§ **Work order**
Retype the whole listing below exactly, keeping every picture out of it.

§ **Data provided**

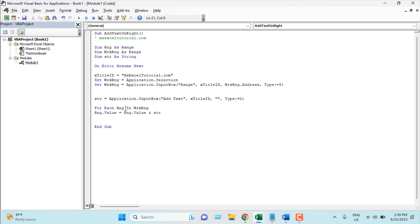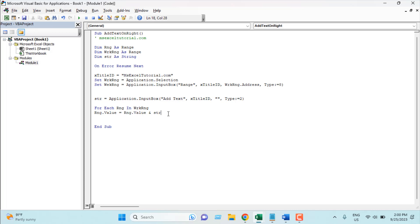What we've done here: the variable rng represents each cell in our selection. For all the ranges in workRange — which is our selection — we are changing the range value. We write rng.Value equals rng.Value & str, so the existing cell value stays and we append the text we specify. Then we write Next, and End Sub is already there — our code is ready.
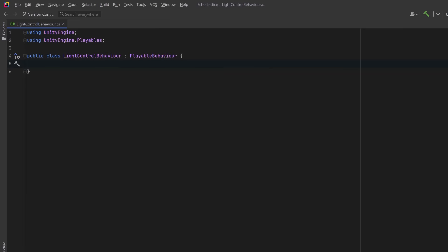It can be created, pooled, and reused internally. So you don't use methods like start or update. Instead, we're going to override lifecycle methods that the Playables call into. So let's define a public color field that represents the light color we want to apply while this clip is active. And we can also define a public float that will define the intensity of the light during the clip.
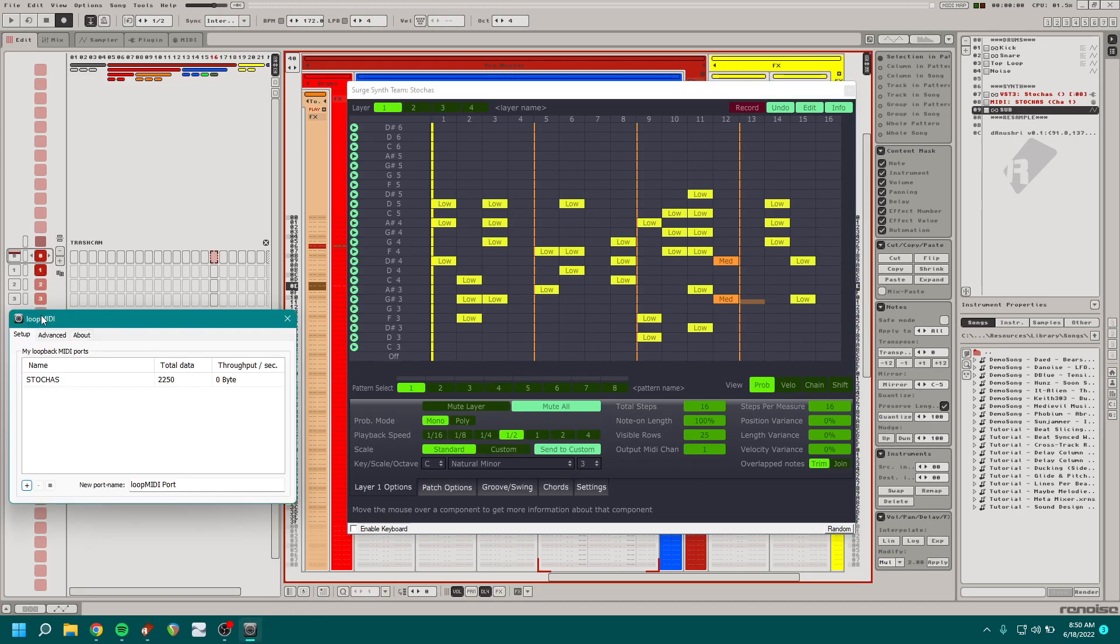You need something like this loop MIDI application. I'll put a link for that in the description. It's free and it's easy to use.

§ **Written solution**
What we've done here: the variable rng represents each cell in our selection. For all the ranges in workRange — which is our selection — we are changing the range value. We write rng.Value equals rng.Value & str, so the existing cell value stays and we append the text we specify. Then we write Next, and End Sub is already there — our code is ready.
It can be created, pooled, and reused internally. So you don't use methods like start or update. Instead, we're going to override lifecycle methods that the Playables call into. So let's define a public color field that represents the light color we want to apply while this clip is active. And we can also define a public float that will define the intensity of the light during the clip.
You need something like this loop MIDI application. I'll put a link for that in the description. It's free and it's easy to use.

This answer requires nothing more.